12. Independent contractor
Provider performs the services as an independent contractor. Nothing in these Terms creates a partnership, joint venture, agency, or employment relationship.
13. Notices
Notices must be in writing. Email to the addresses on file is effective on the next business day. Formal legal notices must be sent by certified mail or nationally recognized overnight courier to the addresses on the most recent quotation.
14. Governing law and disputes
These Terms are governed by the laws of the State of Florida, without regard to its conflict-of-laws rules.
The parties will attempt to resolve any dispute through good-faith discussion for at least thirty (30) days before beginning formal proceedings.

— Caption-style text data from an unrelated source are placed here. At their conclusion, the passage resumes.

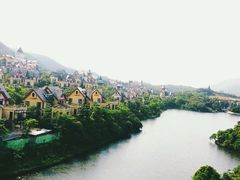 -东部华侨城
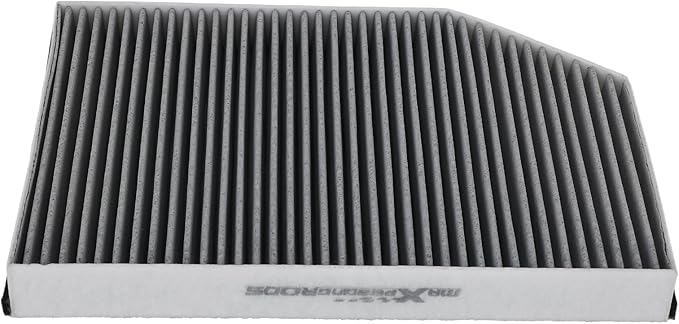 maXpeedingrods CF12553 Cabin Air Filter for BMW X3, X4, Z4, 230i, 330i, 330e, 330e xDrive, 430i, 430i xDrive, i4, iX3, M2, M3, M4, M440i, M440i xDrive; for Toyota GR Supra 2020-2023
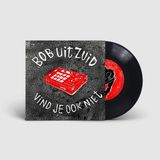 7-Leren Excelsior Leren Jas/Vind Je Ook Niet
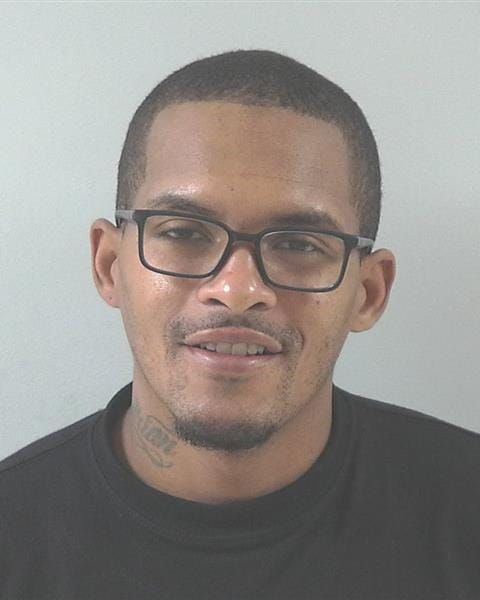 Brandon Antwan Payne | Fort Wayne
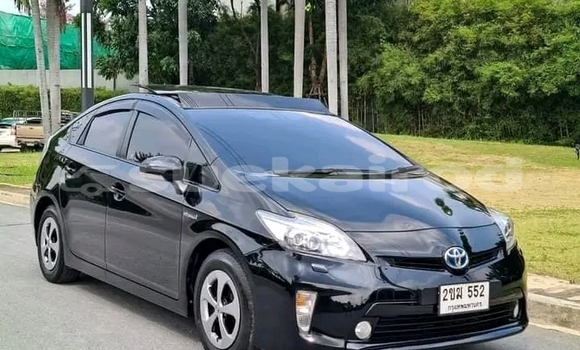 ซื้อ รถมือสอง Toyota Prius สีดำ รถยนต์ ใน %{เมือง} ใน จันทบุรี ซื้อ รถมือสอง Toyota Prius สีดำ รถยนต์ ใน %{เมือง} ใน จันทบุรี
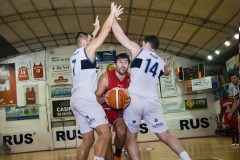 15 Rocamora vs Gimnasia 2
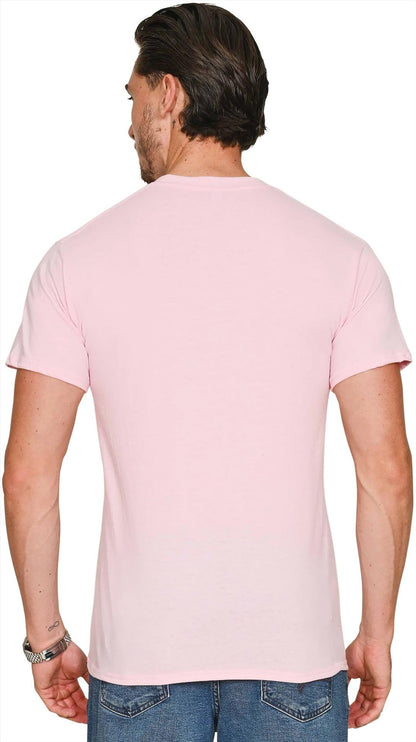 CR1500 - Casual Classic Ringspun 150 Regular Tee Unisex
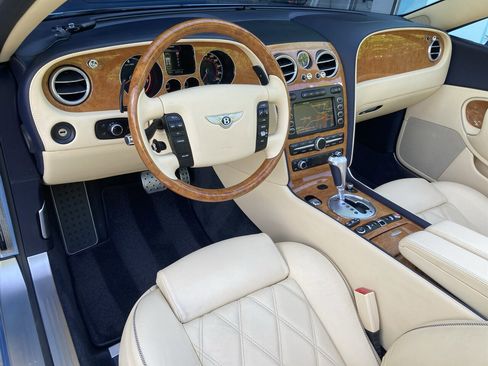 Used 2010 Bentley Continental GT Speed AWD/4WD image 19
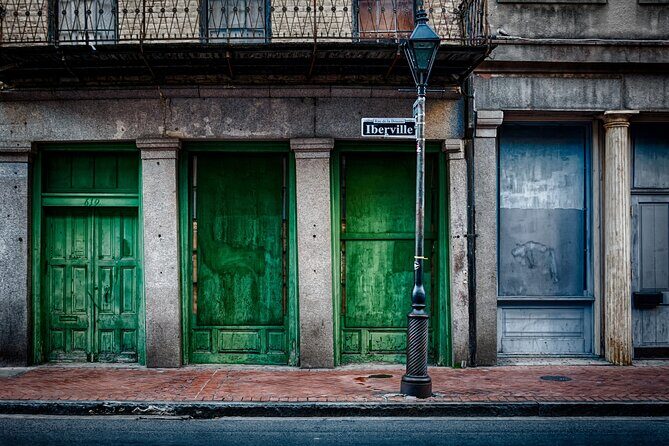 Witches of the French Quarter Walking Tour - Final Thoughts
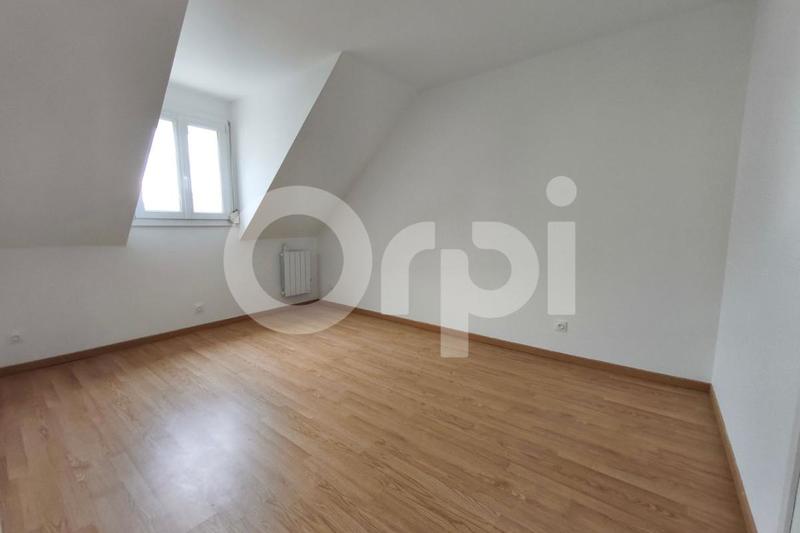 Maison - 94 m² - 4 pièces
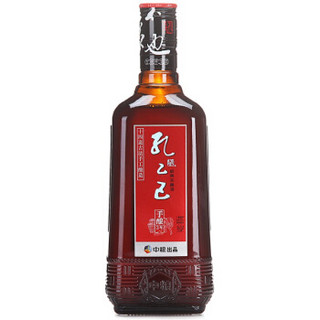 纯正三年陈酿 半干型 绍兴产黄酒 500ml*12瓶 整箱装 清爽型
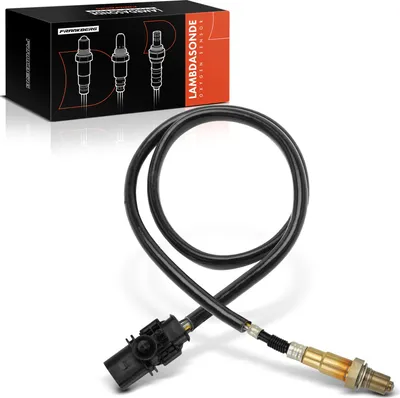 Obrázok produktu pre Frankberg 1x lambda senzor kontrolný senzor pred katalyzátorom pre BMW E88 E82 E90 E93 E92 E91 E60 E61 E83 E89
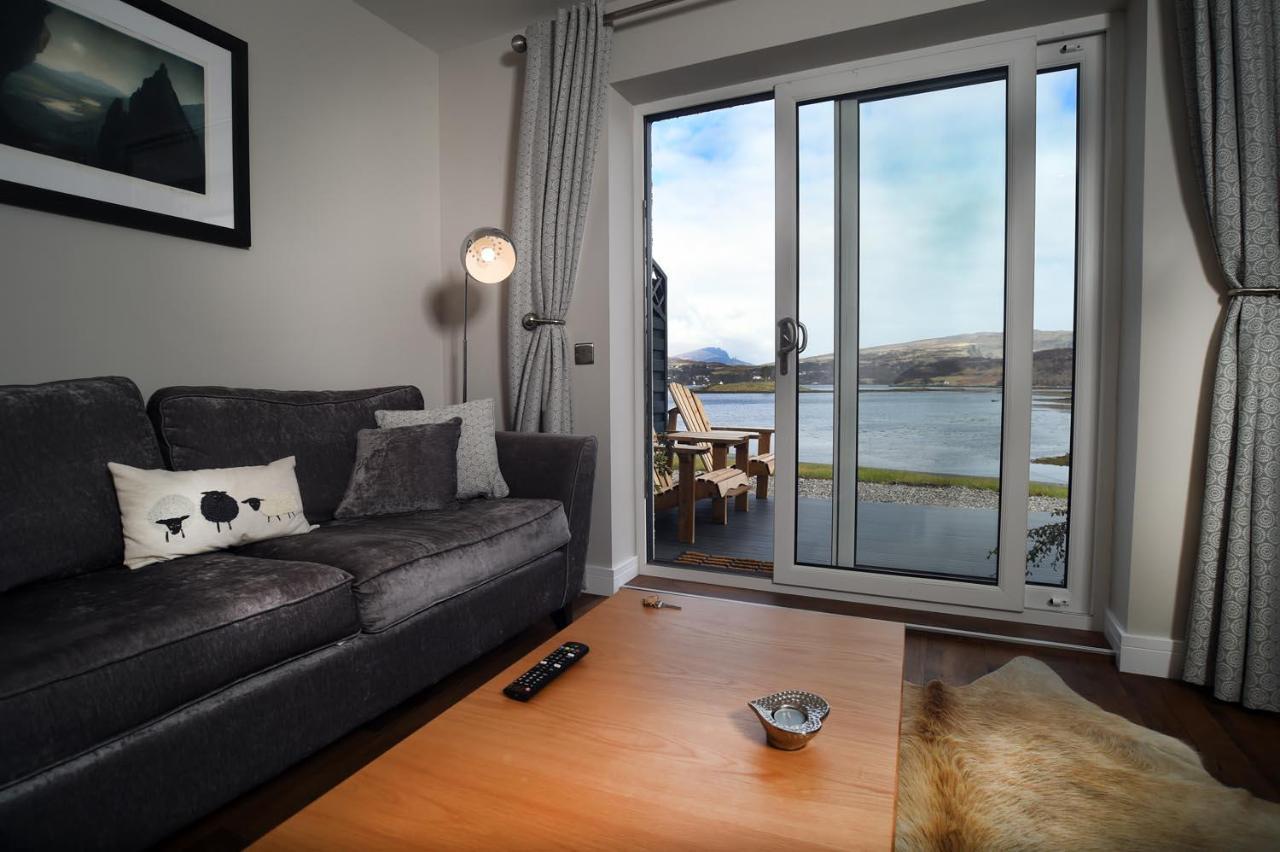 פורטרי Scorr House Apartment מראה חיצוני תמונה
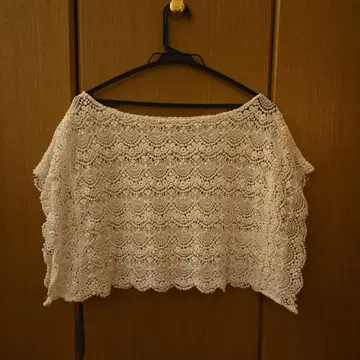 slobe iena 레이스 상의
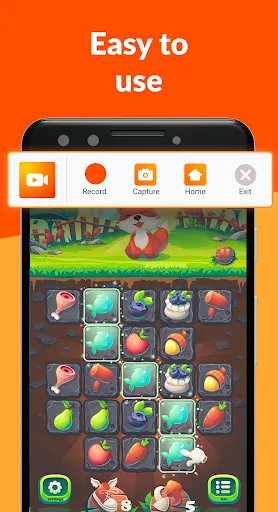 Screen Recorder - eRecord Lite Screenshots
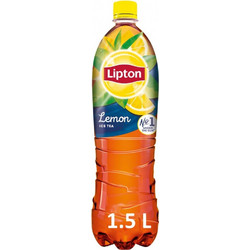 Lipton Ice Tea Lemon 6x1.5lt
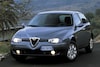 Alfa Romeo 156 Sportwagon
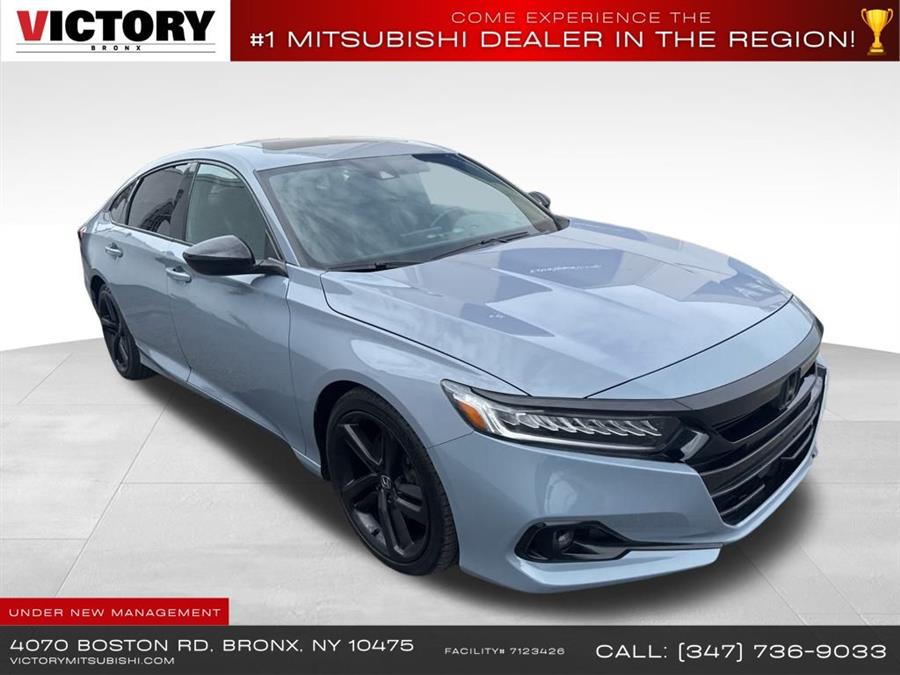 2021 Honda Accord Sport 2.0T, available for sale in Floral Park, New York | Shop Auto NY. Floral Park, New York 2021 Honda Accord Sport 2.0T, available for sale in Floral Park, New York | Shop Auto NY. Floral Park, New York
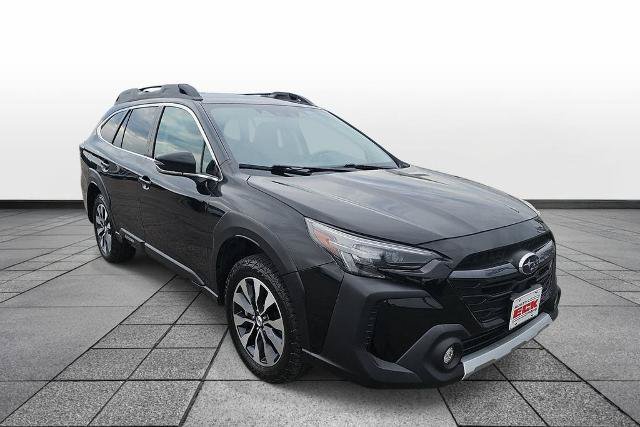 Used 2023 Subaru Outback Limited AWD/4WD image 3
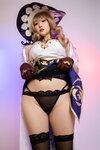 [COSPLAY] Sunnyvier 19sets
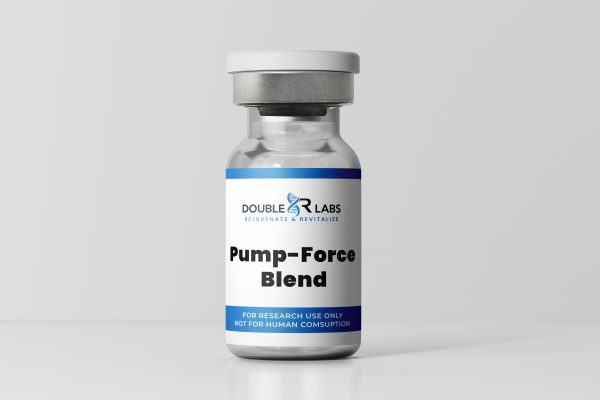 PUMP-FORCE Blend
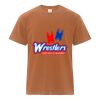 GARMENT-DYED HEAVYWEIGHT T-SHIRT Thumbnail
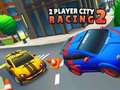 Lalao 2 Player City Racing 2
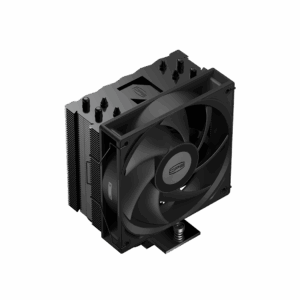 Вентилятор для процессора PCCooler RT400 BK TDP 235W 4-pin LGA 18XX/1700/1200/115x AM5/AM4 Черный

Any unresolved dispute will be brought in the state or federal courts located in Miami-Dade County, Florida, to whose jurisdiction both parties consent.
15. Miscellaneous
Entire agreement. These Terms, together with the related quotation or sales order, form the entire agreement and supersede any prior agreements on the same subject matter.
Amendments. Provider may update these Terms on thirty (30) days’ written notice. Continued use of recurring services after the effective date constitutes acceptance. Material fee changes apply only to billing cycles starting after the notice period.
Severability. If a court finds any provision unenforceable, the remaining provisions stay in effect.
Assignment. Neither party may assign these Terms without the other’s written consent, except to a successor in a merger, acquisition, or sale of substantially all assets.
No waiver. A party’s failure to enforce a provision is not a waiver of its right to enforce it later.
16. Acceptance and contact
By accepting a quotation that references these Terms, you acknowledge that you have read, understood, and agree to them.